Cependant, malgré l’impression d’être partout à la fois, j’aime me plonger profondément dans les sujets pour les comprendre de A à Z : je disais au début que je voulais être initialement journaliste, chercheuse ou archéologue, donc ce goût d’aller au fond des choses, j’ai vraiment ça en moi !

Si la communication n’est pas une matière scientifique, cela reste complexe de trouver la bonne façon de communiquer, justement parce qu’il n’y a pas de théorie. Selon moi, c’est avant tout une histoire de bon sens, où le relationnel compte énormément.

Après un certain nombre d’années d’expériences, ce n’est plus les compétences techniques qui priment, car elles doivent déjà être intégrées, mais bien les éléments relationnels, la capacité à embarquer les gens, à raconter une histoire qui fait que les gens ont envie de suivre un projet et de s’y impliquer pour créer quelque chose en commun.

Enfin, lorsqu’on fait de la direction de projet, il est essentiel de comprendre qu’on n’aboutit à rien tout seul. Ce sont toujours des projets collectifs, il est donc essentiel de savoir bien s’entourer, de valoriser les forces de chacun et de s’appuyer dessus.

Enfin, que souhaitez-vous dire aux étudiants de Sciences Po Aix ?
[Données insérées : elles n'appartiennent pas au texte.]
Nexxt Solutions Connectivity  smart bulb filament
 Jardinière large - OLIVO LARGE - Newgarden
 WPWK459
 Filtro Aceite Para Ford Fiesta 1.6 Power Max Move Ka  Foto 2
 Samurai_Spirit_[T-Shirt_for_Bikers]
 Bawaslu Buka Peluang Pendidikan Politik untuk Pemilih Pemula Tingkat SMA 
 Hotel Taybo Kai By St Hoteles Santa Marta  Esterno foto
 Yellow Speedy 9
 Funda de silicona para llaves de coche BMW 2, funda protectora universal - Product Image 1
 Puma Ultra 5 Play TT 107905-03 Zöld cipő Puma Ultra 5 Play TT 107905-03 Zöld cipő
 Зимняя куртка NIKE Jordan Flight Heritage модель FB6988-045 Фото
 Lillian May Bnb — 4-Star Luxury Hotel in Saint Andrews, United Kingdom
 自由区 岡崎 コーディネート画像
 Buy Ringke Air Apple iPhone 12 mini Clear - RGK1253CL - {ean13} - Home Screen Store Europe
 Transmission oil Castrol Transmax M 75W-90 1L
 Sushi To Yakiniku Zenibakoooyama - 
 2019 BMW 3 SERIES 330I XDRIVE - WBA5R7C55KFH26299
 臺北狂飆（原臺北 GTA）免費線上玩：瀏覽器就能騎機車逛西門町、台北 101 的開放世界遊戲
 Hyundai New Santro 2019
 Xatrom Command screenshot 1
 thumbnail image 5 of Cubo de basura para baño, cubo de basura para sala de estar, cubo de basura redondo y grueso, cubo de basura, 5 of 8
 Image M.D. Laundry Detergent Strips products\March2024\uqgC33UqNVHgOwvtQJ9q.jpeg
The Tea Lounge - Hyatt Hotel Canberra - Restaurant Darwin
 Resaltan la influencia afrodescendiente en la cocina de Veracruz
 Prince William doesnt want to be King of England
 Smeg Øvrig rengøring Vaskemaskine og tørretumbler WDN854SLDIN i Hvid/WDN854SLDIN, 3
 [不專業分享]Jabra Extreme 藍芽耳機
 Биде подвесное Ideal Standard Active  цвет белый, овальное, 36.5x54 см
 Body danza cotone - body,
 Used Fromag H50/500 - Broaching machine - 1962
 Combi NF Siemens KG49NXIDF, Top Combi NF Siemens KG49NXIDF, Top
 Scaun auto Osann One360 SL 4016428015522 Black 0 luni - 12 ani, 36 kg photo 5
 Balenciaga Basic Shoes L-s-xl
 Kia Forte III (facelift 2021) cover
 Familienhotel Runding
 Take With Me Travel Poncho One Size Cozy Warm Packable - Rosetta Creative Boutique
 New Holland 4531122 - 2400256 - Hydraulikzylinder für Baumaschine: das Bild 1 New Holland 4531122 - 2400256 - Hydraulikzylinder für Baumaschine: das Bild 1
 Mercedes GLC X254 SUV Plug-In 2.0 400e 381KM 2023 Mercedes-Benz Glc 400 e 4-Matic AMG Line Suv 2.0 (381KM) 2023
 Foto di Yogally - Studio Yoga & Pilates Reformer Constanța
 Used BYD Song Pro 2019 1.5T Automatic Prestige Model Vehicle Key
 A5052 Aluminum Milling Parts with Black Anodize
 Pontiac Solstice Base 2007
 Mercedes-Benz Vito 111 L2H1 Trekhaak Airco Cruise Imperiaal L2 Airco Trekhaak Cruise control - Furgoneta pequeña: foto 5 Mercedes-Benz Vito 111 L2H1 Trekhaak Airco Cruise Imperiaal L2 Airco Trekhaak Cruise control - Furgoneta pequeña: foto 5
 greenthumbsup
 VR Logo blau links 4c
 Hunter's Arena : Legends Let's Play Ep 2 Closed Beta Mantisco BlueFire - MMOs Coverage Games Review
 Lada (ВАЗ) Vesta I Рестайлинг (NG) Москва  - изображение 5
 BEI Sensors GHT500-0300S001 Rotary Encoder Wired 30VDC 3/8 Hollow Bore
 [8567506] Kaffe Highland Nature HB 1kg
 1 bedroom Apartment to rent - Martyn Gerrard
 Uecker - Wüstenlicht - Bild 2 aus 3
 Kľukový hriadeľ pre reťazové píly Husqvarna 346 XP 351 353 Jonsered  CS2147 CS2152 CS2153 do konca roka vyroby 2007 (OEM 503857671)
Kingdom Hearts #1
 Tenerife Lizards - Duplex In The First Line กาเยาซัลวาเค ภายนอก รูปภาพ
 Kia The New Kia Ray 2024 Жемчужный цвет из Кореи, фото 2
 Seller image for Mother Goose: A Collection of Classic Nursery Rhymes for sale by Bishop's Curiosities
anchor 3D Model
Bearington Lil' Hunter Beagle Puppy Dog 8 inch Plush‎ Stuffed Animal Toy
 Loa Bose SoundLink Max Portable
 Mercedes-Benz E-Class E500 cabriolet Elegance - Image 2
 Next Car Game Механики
Je n’aime pas trop donner des conseils, parce que ça voudrait dire que je détiens la vérité, mais globalement je crois beaucoup au fait qu’il faut savoir s’écouter. Quand on sort de l’école, qu’on ne sait pas trop ce que l’on veut faire, on peut être amené à faire des mauvais choix parce qu’on focalise sur de mauvais critères, parfois pressé par l’entourage. On peut par exemple être tenté de faire un choix de salaire, en rejoignant l’employeur le plus offrant, mais en risquant d’oublier sur le chemin ce qui vous anime, ce qui vous fait vibrer, ce qui est de l’ordre de l’envie profonde. Je pense qu’il faut vraiment s’écouter, y aller à l’envie, parfois faire des choix de chemins de traverse sans trop réfléchir à ce qui viendra derrière, parce que si on est vraiment passionné par quelque chose, ça se ressent et les opportunités arriveront forcément.

Donc je pense qu’il faut vraiment écouter son instinct, ne pas chercher forcément à cocher des cases. Il faut savoir parfois prendre des risques, sortir de sa zone de confort.

En tout cas, je fonctionne comme ça, à l’instinct, et jusqu’à présent il ne m’a jamais fait défaut.